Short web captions
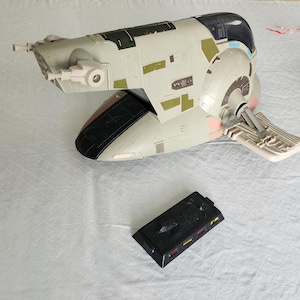 Boba Fett&#39;s Slave Spaceship vintage Kenner 1980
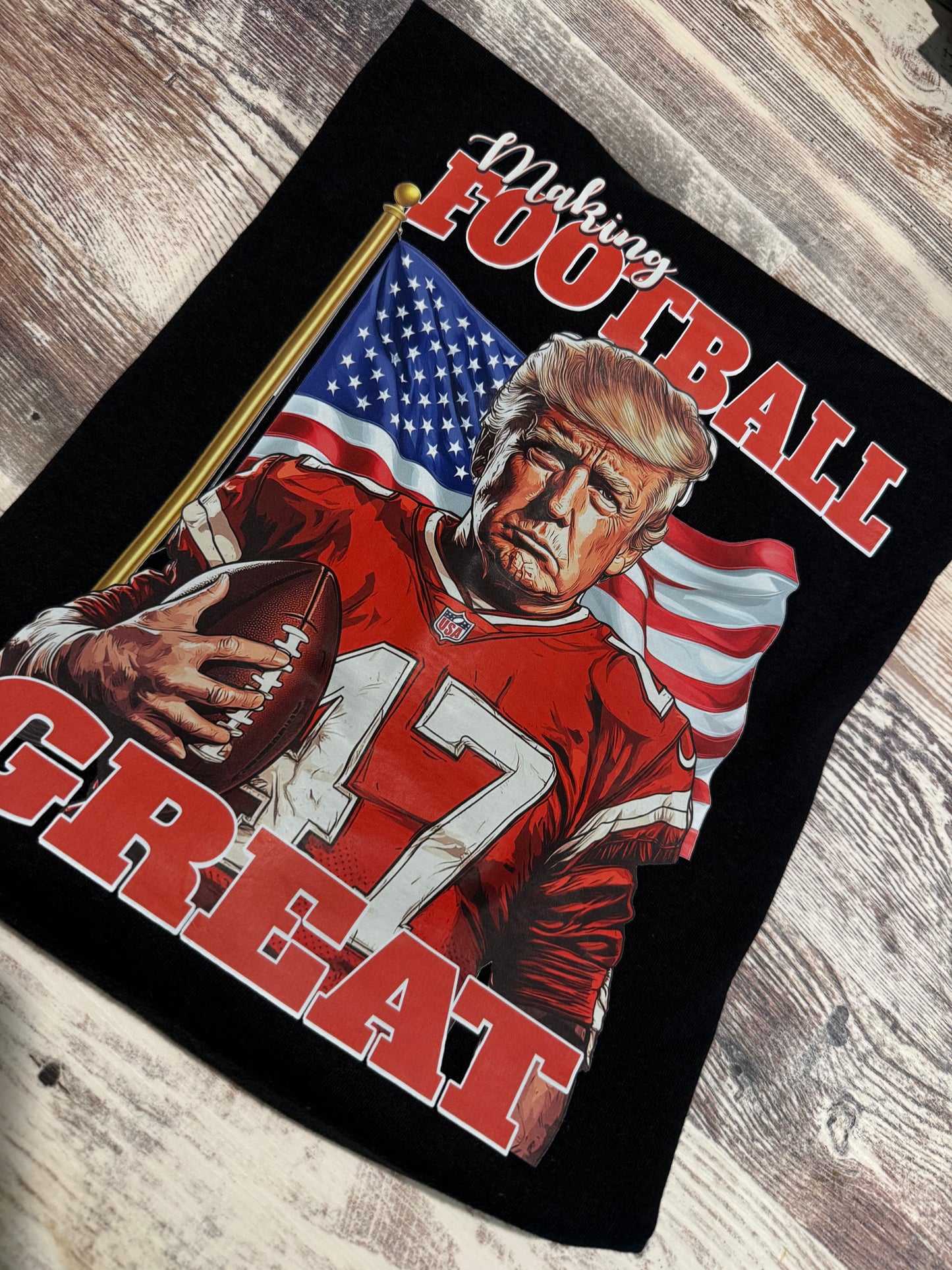 Football great again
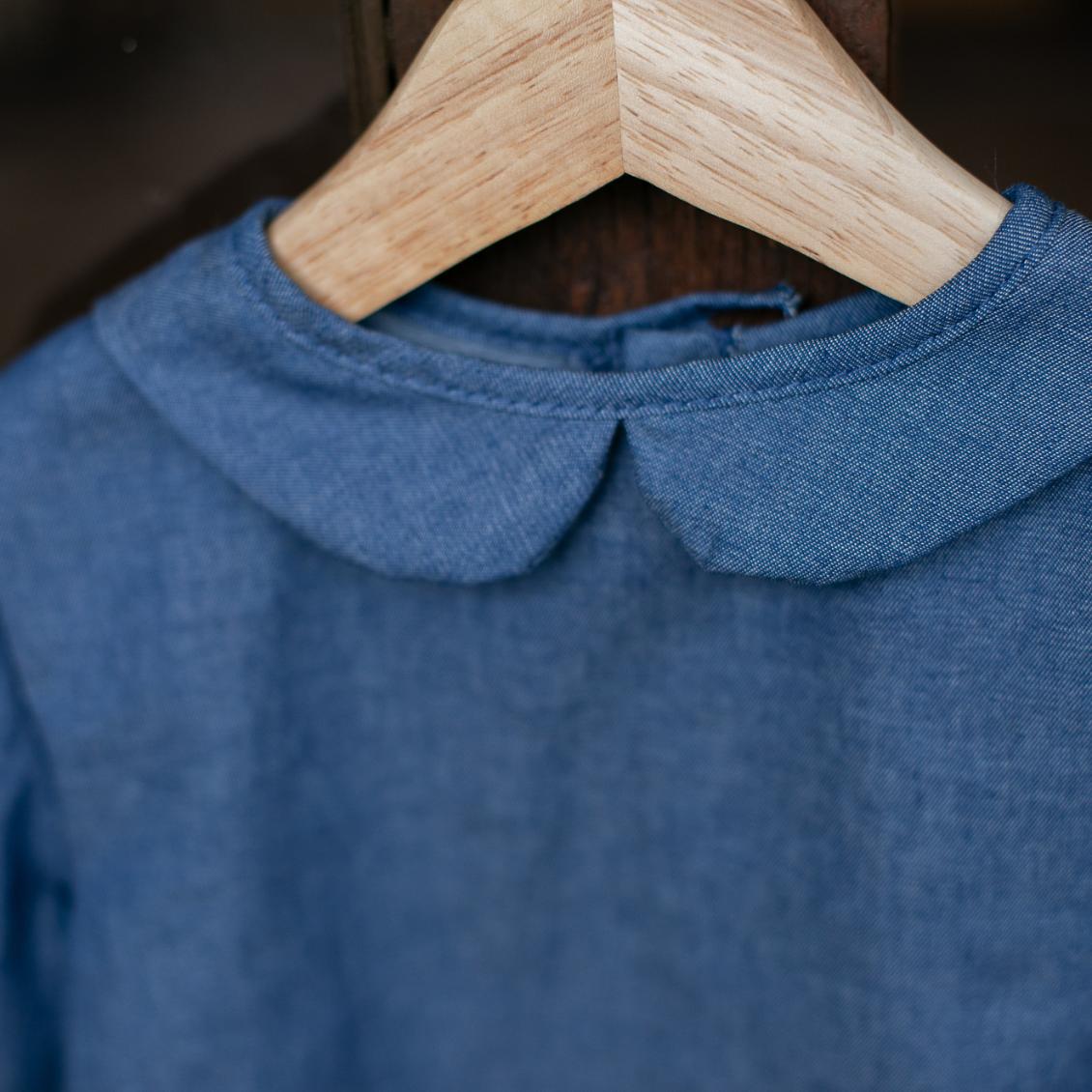 Camisa bebé Denim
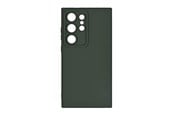 Mobil - Deksel og etui - ONSALA Phone Case with Silicone Feel Olive Green - Samsung S24 Ultra 5G - 664250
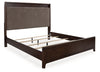 Korestone King Upholstered Panel Bed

▸ **EXERCISE INSTRUCTIONS**
A verbatim copy of the entries, stripped of pictures, should be produced.

▸ **WRITTEN REPLY**
 Boba Fett&#39;s Slave Spaceship vintage Kenner 1980
 Football great again
 Camisa bebé Denim
 Mobil - Deksel og etui - ONSALA Phone Case with Silicone Feel Olive Green - Samsung S24 Ultra 5G - 664250
 Korestone King Upholstered Panel Bed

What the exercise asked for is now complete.